No matter how complete our idea of a person or an event might be, it is always adulterated by our own subjectivity. A multitude of individual nuances accompanies each of our understandings, despite the desire to try to explain things as truthfully and adeptly as we can. This idea is at the core of Michael Ondaatje’s latest novel, Divisadero (Bloomsbury).
The title comes “from the Spanish word for ‘division’… or it might derive from the word divisor, meaning ‘to gaze at something from a distance'”. Thus readers are given room to interpret the author’s intentions as they encounter fragmented portraits of the characters who detail the enigmatic and poetic prose of Ondaatje’s expansive landscape.
The opening section of the novel details the youth of three children raised as siblings, though none is related to the other.
Anna, Claire and Coop live naïve and uncomplicated lives with their quietly loving father in the countryside near California until an event, turbulently charged with a mix of love and violence, forces them from their Eden-like home and their simplistic childhoods.
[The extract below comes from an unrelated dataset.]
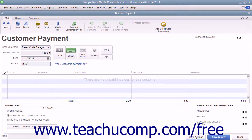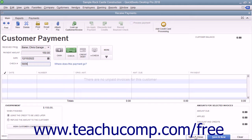Later on, after you have invoiced the customer or customer job, you must return to the receive payments window to apply the credit against the invoice that was created. In the next lesson, we will examine how to apply customer credits created by overpayments, down payments, or prepayments to outstanding customer invoices.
For the next few chapters the reader is given periodic glimpses into their three lives, the paths of which have long since diverged, intersecting more in intimate memories than physically.
When we pick up the story again, 20 or so years later, Coop has become a notorious card shark, Claire a legal detective and Anna, the novel’s narrator, lives in a remote French village writing the biography of the obscure French novelist, Lucien Segura.
Midway through, the novel takes a turn, leaving the characters the reader has grown intimate with and moving to early 20th-century France.
It is here that we encounter the story of Segura, again episodically, through moments of dusty pre-war splendour that the author effortlessly weaves together. The reader is left spellbound by both the poetry of the writing and the beauty of the often-simple moments the text illuminates. Figures that enter the focal characters’ lives are also given credence, and their stories are often followed tangentially as Anna, Coop, Claire or Segura encounter them.
However insignificant their stories might seem, they are essential to the thematic tautness of the novel. “Everything is collage, even genetics. There is the hidden presence of others in us, even those we have known briefly. We contain them for the rest of our lives, at every border that we cross.”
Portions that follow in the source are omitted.